About this task. Could you print, exactly and without pictures, only the lines from the one with "佛山工厂铝合金雨棚露台阳台楼顶遮阳棚别墅庭院耐力板雨棚定制" through the end of the records below?

Provided data.
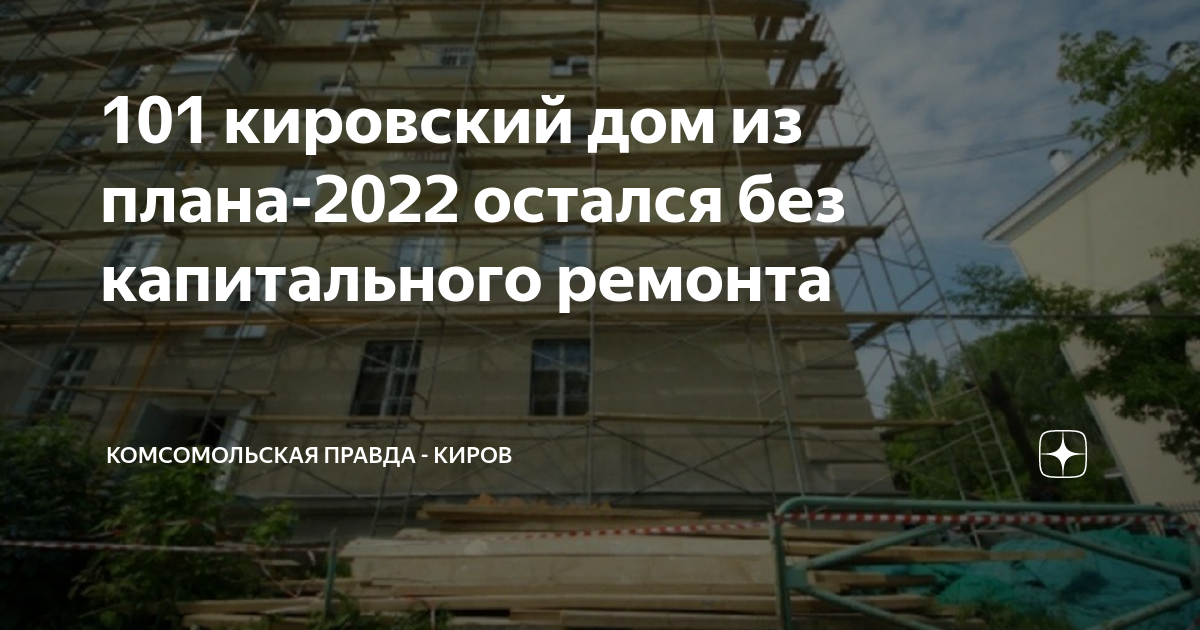 Капитальный ремонт план по адресу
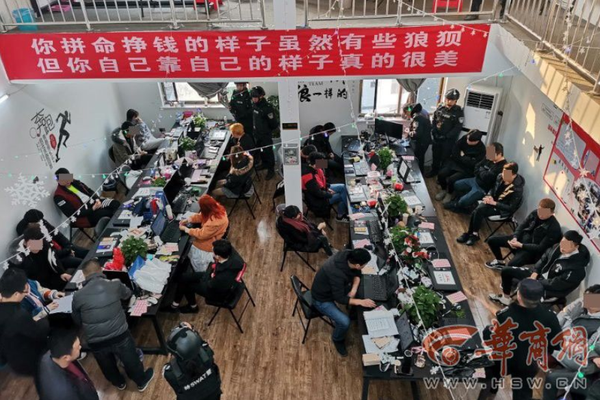 功勋官员纪念册截图4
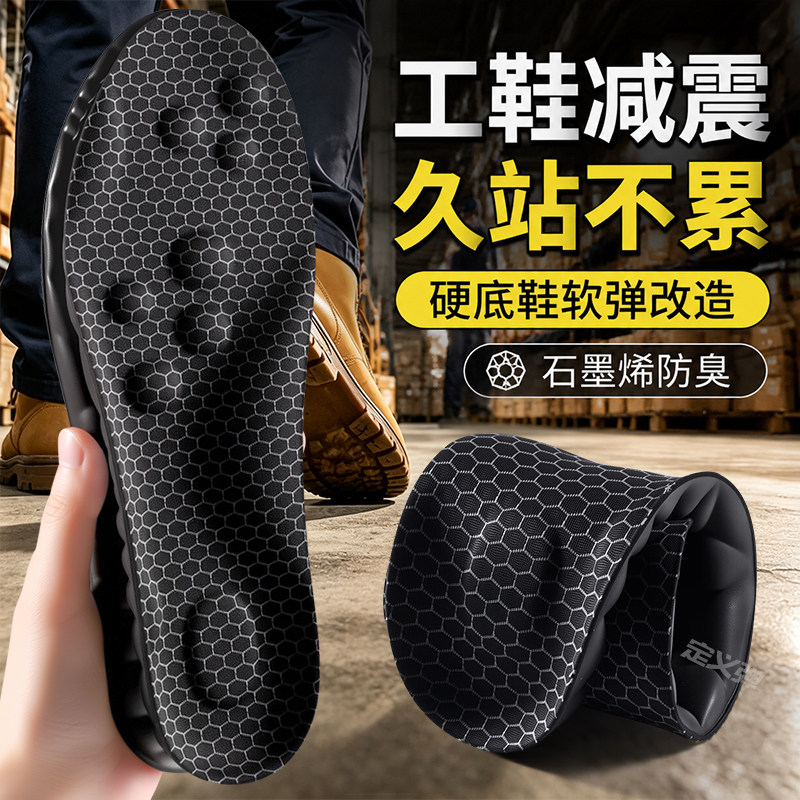 10A抗菌鞋垫石墨烯吸汗防臭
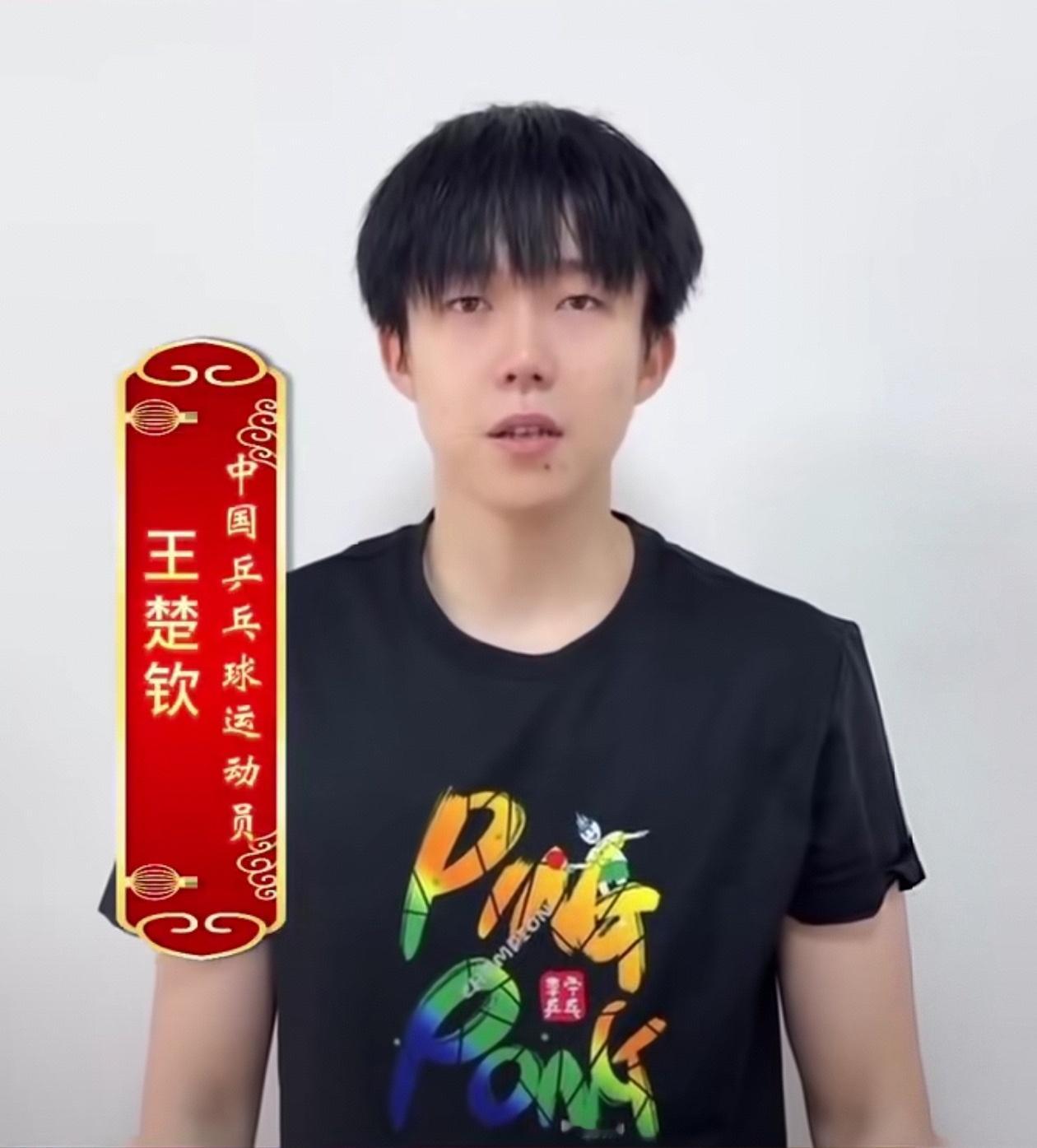 新年的钟声即将敲响， 王楚钦送蛇年祝福 ：“新年更胜旧年时，万事胜意皆可期。新年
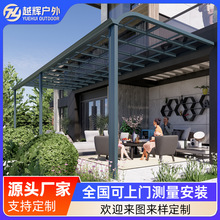 佛山工厂铝合金雨棚露台阳台楼顶遮阳棚别墅庭院耐力板雨棚定制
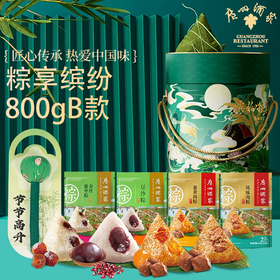 广州酒家粽享缤纷800gB款端午粽子礼盒-XJ
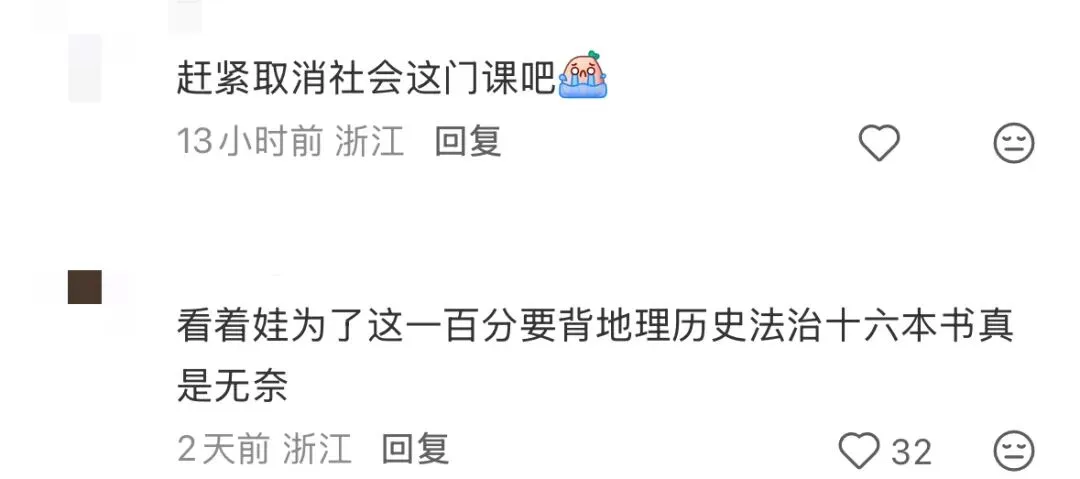 全国多地取消中考小四门 第4张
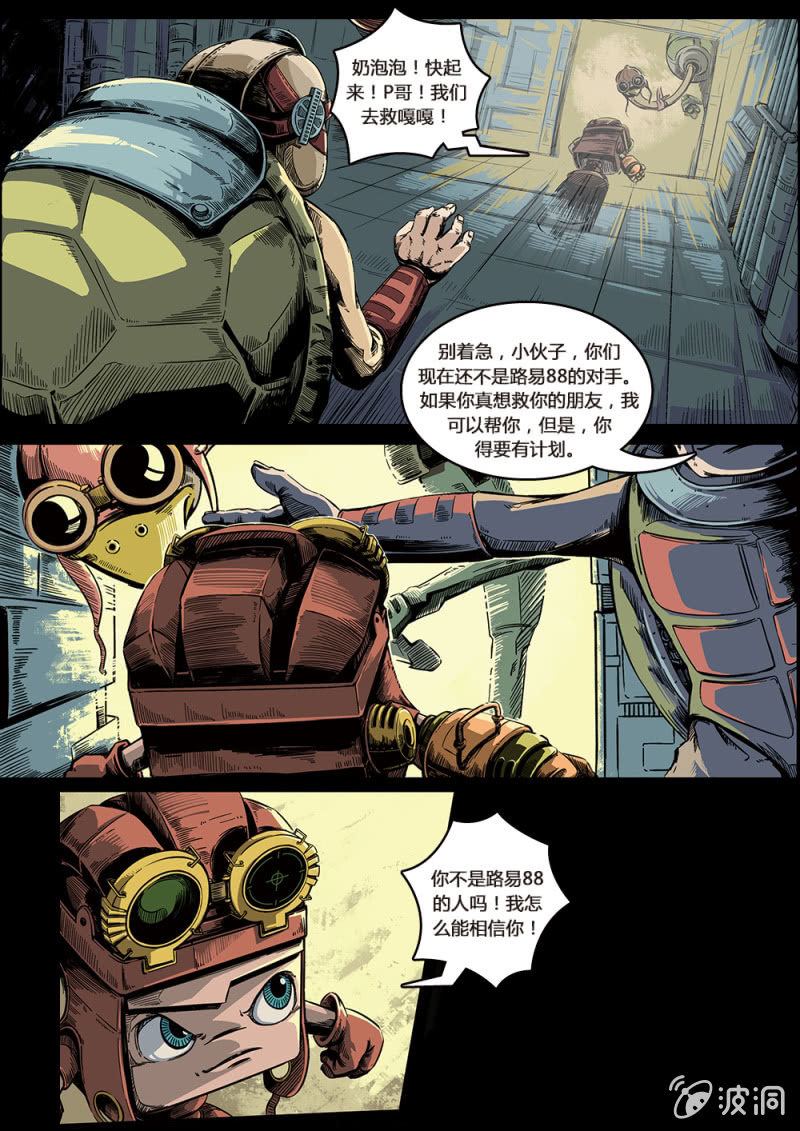 《反转星球》凡斯博士 第12页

Solution to this problem.
 佛山工厂铝合金雨棚露台阳台楼顶遮阳棚别墅庭院耐力板雨棚定制
 广州酒家粽享缤纷800gB款端午粽子礼盒-XJ
 全国多地取消中考小四门 第4张
 《反转星球》凡斯博士 第12页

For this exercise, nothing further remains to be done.